TASK OBJECTIVE: With the pictures left out, restate exactly the part below that opens with the line containing "мефедрон мука Кингисепп" and closes with the line containing "S.Arabia 50 Halalas AH1438-2016".

DATA TO EXAMINE:
╭──
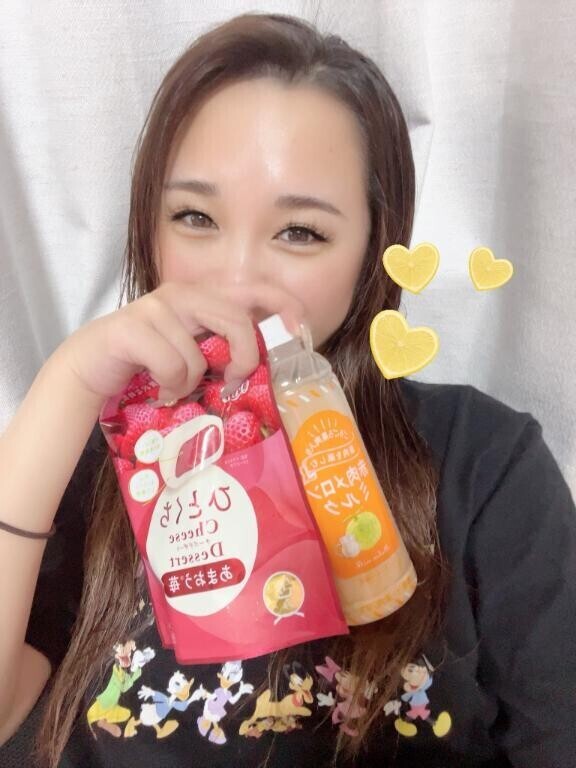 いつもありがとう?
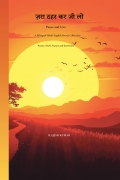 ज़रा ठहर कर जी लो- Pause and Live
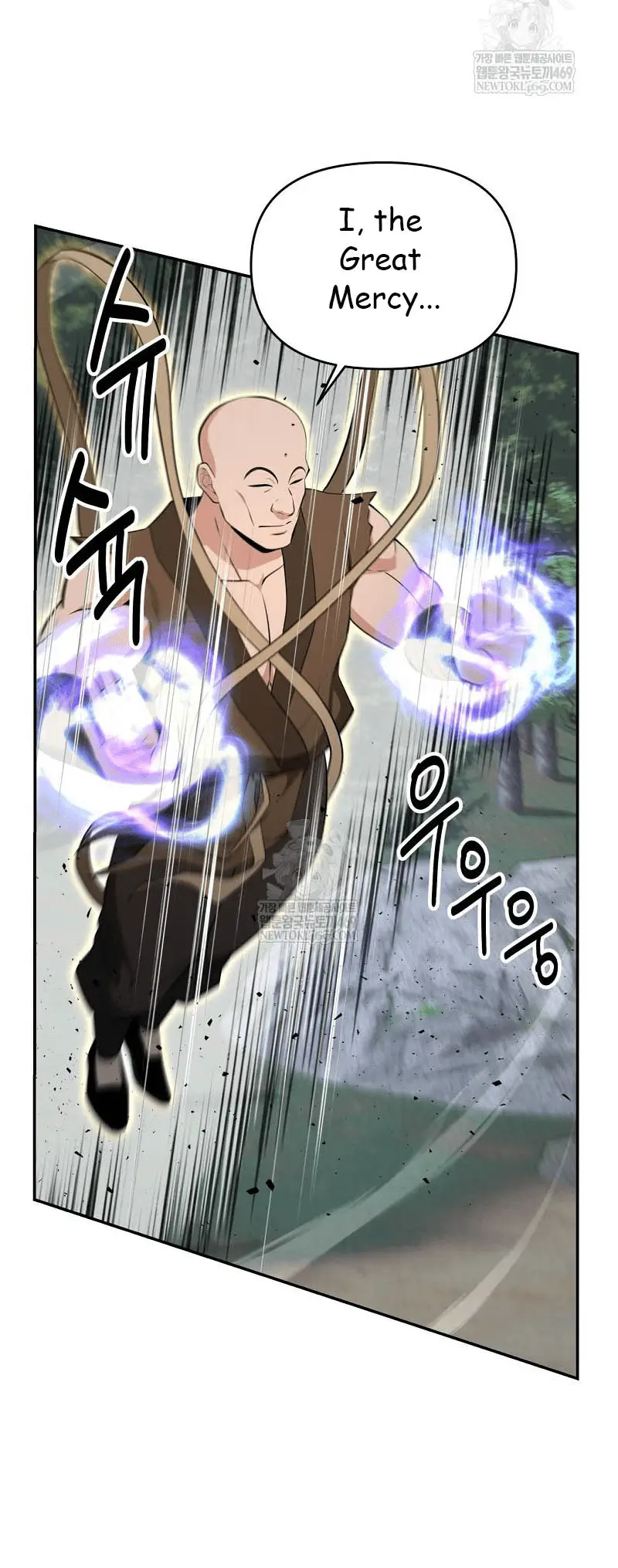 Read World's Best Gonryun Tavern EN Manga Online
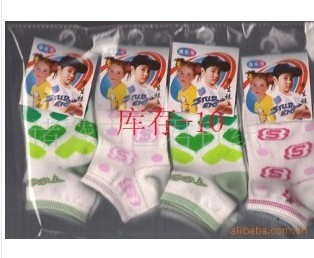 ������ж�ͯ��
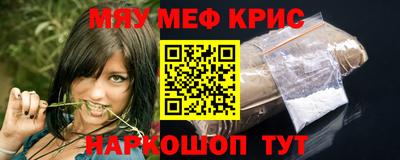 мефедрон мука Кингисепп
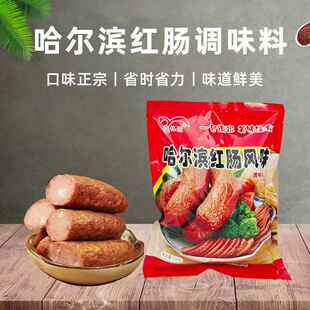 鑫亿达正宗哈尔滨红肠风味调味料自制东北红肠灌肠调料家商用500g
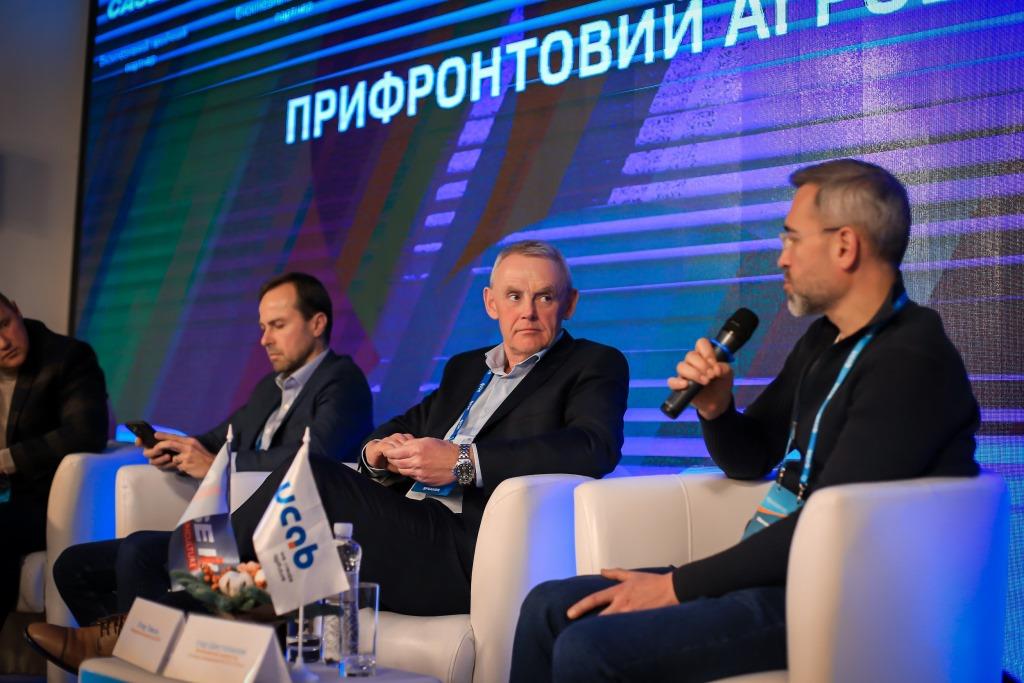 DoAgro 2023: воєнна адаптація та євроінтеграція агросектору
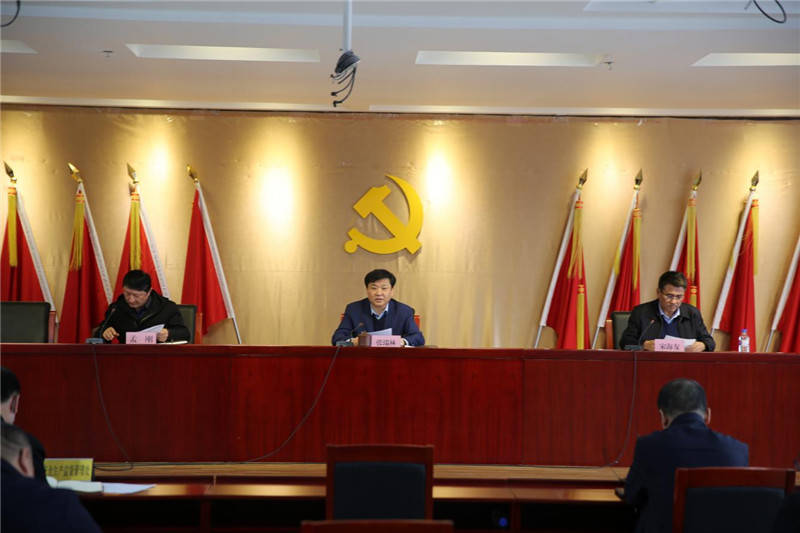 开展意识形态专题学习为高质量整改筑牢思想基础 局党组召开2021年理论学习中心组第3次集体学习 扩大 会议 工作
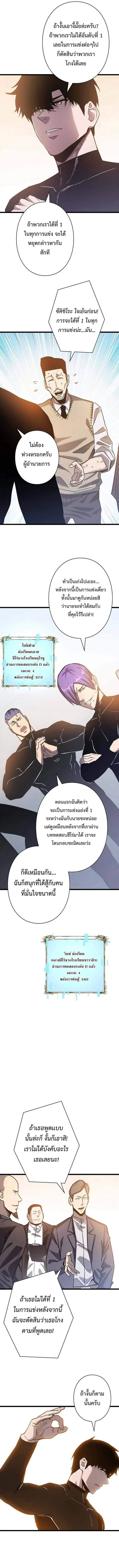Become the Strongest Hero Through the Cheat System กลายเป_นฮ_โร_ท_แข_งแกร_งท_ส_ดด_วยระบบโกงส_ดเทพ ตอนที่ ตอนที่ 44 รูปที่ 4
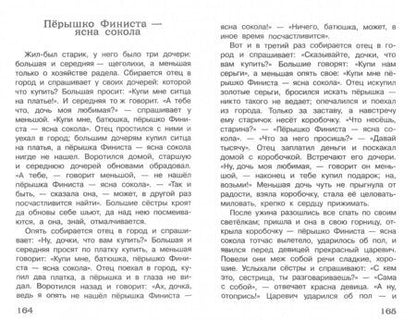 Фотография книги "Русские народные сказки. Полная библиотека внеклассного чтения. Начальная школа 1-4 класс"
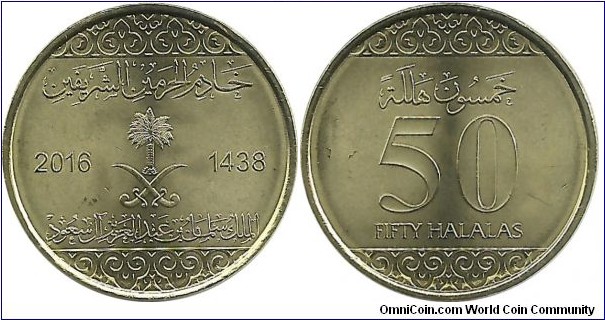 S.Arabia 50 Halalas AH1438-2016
╰──
╭──
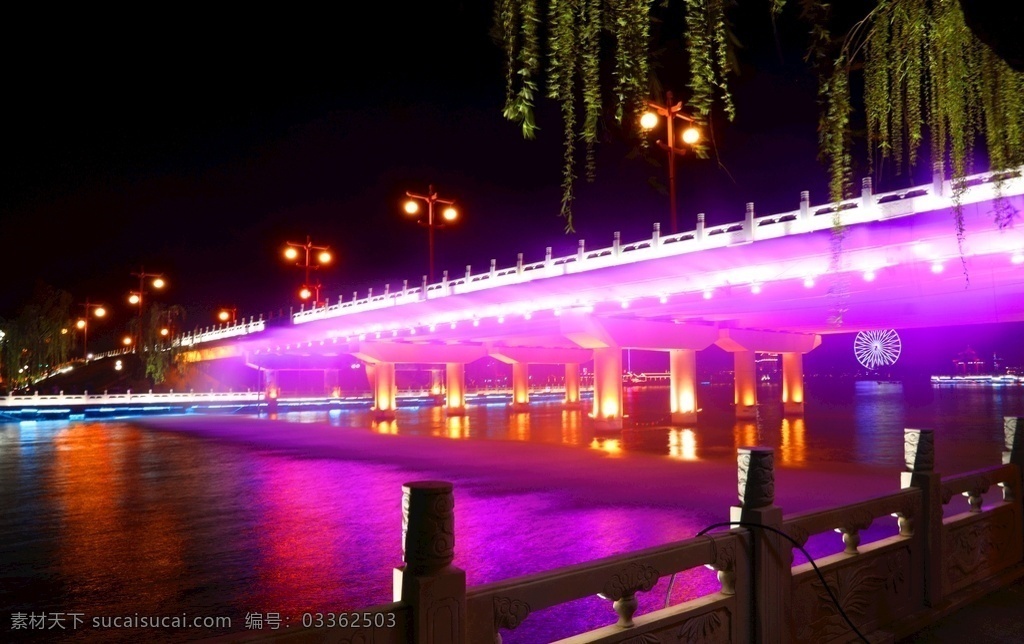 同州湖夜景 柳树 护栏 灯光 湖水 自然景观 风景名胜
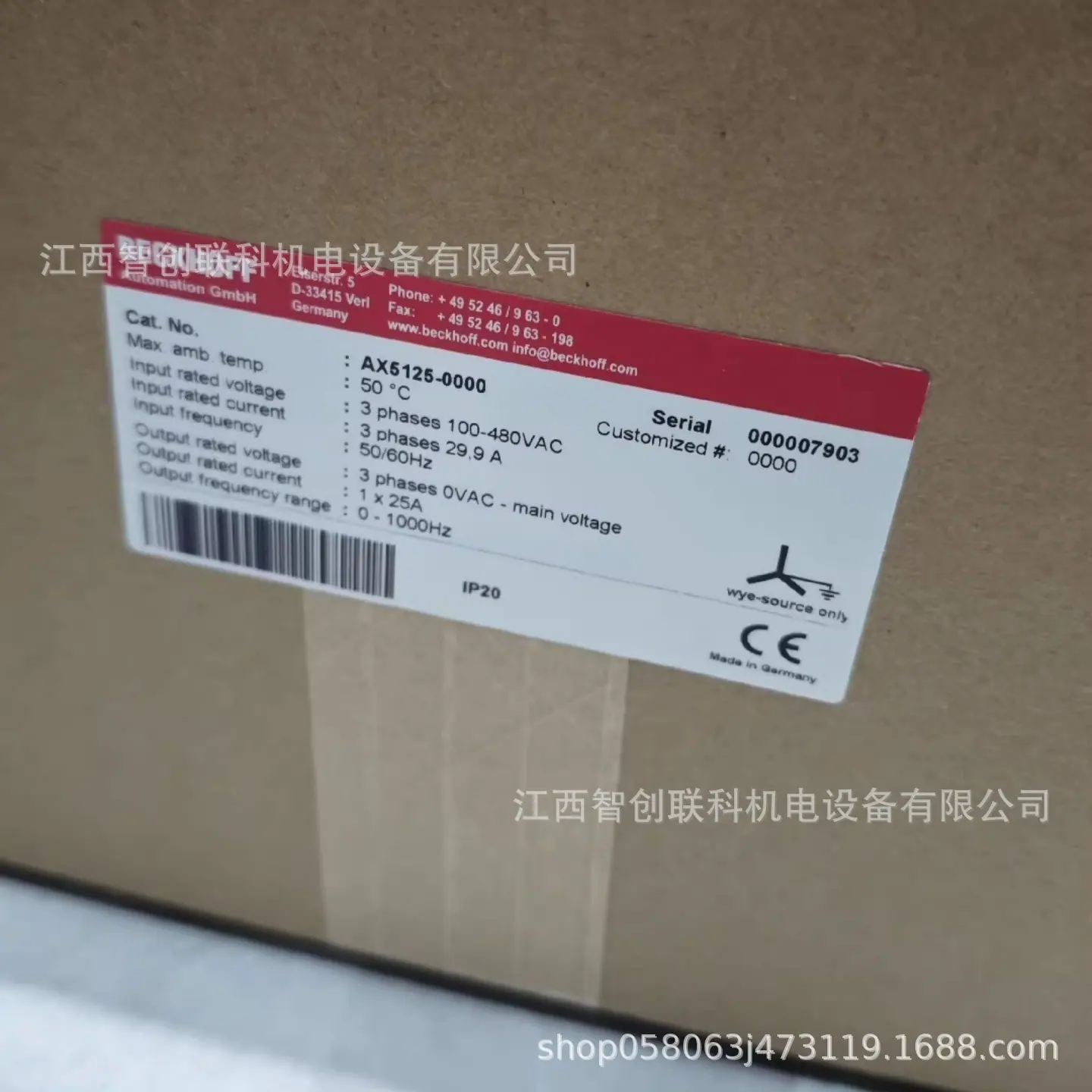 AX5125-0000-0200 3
╰──
TASK OUTPUT:
 мефедрон мука Кингисепп
 鑫亿达正宗哈尔滨红肠风味调味料自制东北红肠灌肠调料家商用500g
 DoAgro 2023: воєнна адаптація та євроінтеграція агросектору
 开展意识形态专题学习为高质量整改筑牢思想基础 局党组召开2021年理论学习中心组第3次集体学习 扩大 会议 工作
Become the Strongest Hero Through the Cheat System กลายเป_นฮ_โร_ท_แข_งแกร_งท_ส_ดด_วยระบบโกงส_ดเทพ ตอนที่ ตอนที่ 44 รูปที่ 4
 Фотография книги "Русские народные сказки. Полная библиотека внеклассного чтения. Начальная школа 1-4 класс"
 S.Arabia 50 Halalas AH1438-2016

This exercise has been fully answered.